La fin du dépôt des candidatures est fixée au 12 novembre. « Nous trancherons sur la base de l’efficacité, en prenant en compte l’envie de la jeunesse de nous représenter », assure-t-on néanmoins au RHDP, où l’on n’envisage pas d’autre scénario que celui d’un raz-de-marée face à une opposition déjà exsangue.

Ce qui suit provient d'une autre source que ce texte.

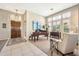 Open-concept living room with tile flooring, a decorative wooden door, and a baby grand piano at 6131 S Bradshaw Way, Chandler, AZ 85249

Renouvellement ne devrait toutefois pas rimer avec ouverture – le gouvernement doit être remanié après les législatives. Alassane Ouattara exclut tout scénario d’union nationale, lui qui avait placé Kouadio Konan Bertin, seul adversaire à avoir disputé le match électoral en 2020, au ministère de la Réconciliation avant de le nommer ambassadeur au Gabon. « Le président n’y croit pas », affirme un membre de son premier cercle. « Les intérêts des uns et des autres sont trop divergents. Le principal, pour lui, est de s’entourer de gens compétents », assume une source dans son entourage.
Coup de fil à Gbagbo
Après avoir reconnu sa défaite, Jean-Louis Billon, arrivé deuxième du scrutin avec 3,09 % des voix, a appelé à « l’union » et au « rassemblement de tous les fils et des filles de Côte d’Ivoire ». Simone Ehivet Gbagbo, troisième avec 2,42 % des suffrages, a, pour sa part, de nouveau réclamé « l’ouverture d’un dialogue national inclusif ». Dans une récente interview accordée à Jeune Afrique, l’ancienne première dame avait par ailleurs plaidé en faveur d’une loi d’amnistie pour Laurent Gbagbo.
Selon nos informations, après avoir pris sa décision de solliciter un quatrième mandat, Alassane Ouattara avait appelé son prédécesseur, qu’il n’a pas revu depuis 2022, pour l’en avertir et pour lui proposer une rencontre. Au bout du fil, Laurent Gbagbo, radié des listes électorales en raison d’une condamnation judiciaire et donc exclu de la présidentielle, en avait pris acte. La rencontre, elle, n’a pas eu lieu, l’ancien président invoquant son état de fatigue.